COMMENT / Daniel Reynolds
“The Edict of Thessalonica fundamentally transformed the late Roman empire”
Although the Edict of Thessalonica provoked no immediate change, its rulings fundamentally transformed the late Roman empire over the following century. Most importantly, it made religious belief a matter of law and offered one of the earliest uses of the term ‘heretic’. Differences of religious opinion and interpretation had existed long before AD 380, but the edict made heresy a criminal act. This did not just affect Christians who didn’t subscribe to Nicene Christianity, but also Jews and adherents to traditional Roman cults. Elites increasingly turned to Christianity as a way of legitimising their public status. Family structures, attitudes to sex and even calendars were also gradually adapted in response to the growing influence of Christian morality and social custom.

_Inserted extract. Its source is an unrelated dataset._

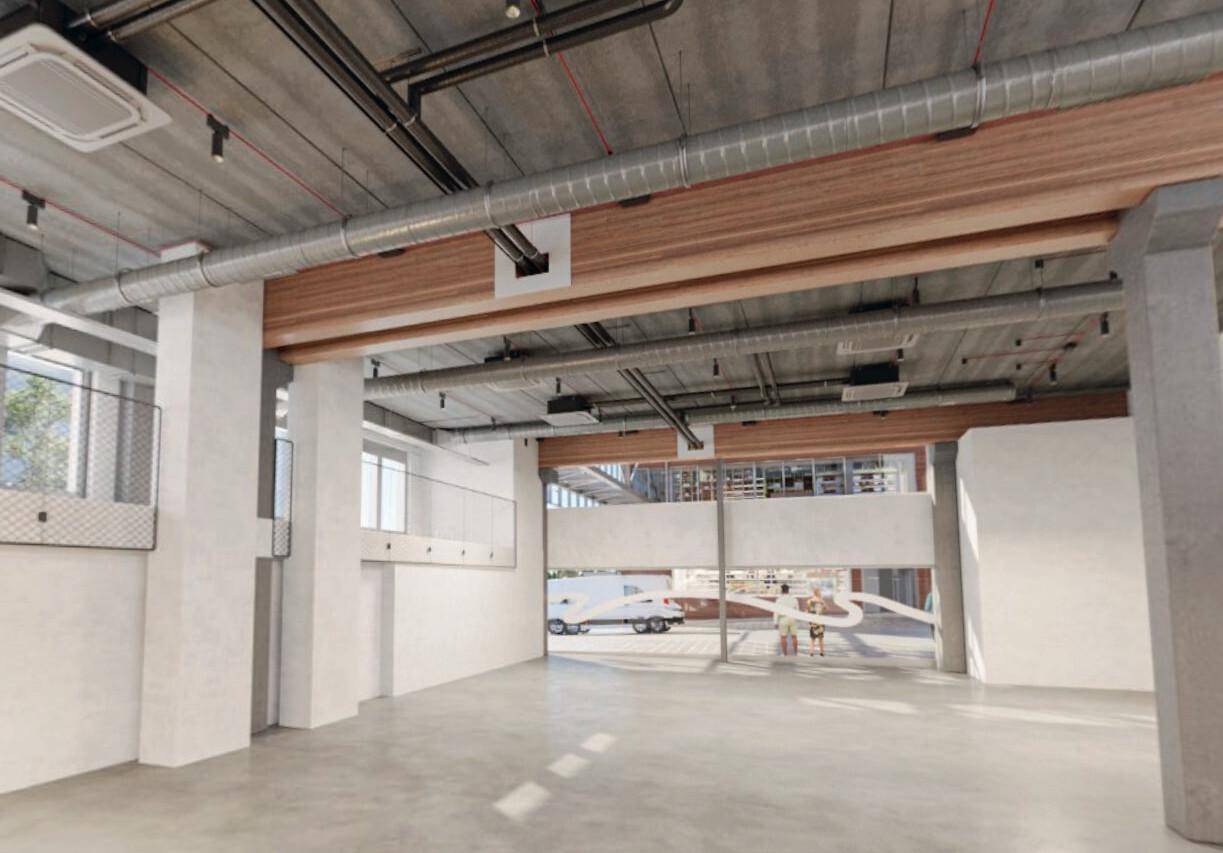 Weitläufiger, leerer Innenraum mit Betonboden, sichtbaren Lüftungsrohren und Holzbalken an der Decke.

Christianity took hold in the empire’s physical spaces too. Temples dedicated to non- Christian cults were forcibly closed and eclipsed by the growing importance of churches in ritual and public life. Churches also became the focus of vast imperial building projects; and, as an institution, the church offered a rival avenue to power. Bishops, priests and monks became increasingly visible figures in matters of legal governance, public building and land management.
Crucially, these structures would outlast the breakdown of centralised Roman authority in the west in the fifth century.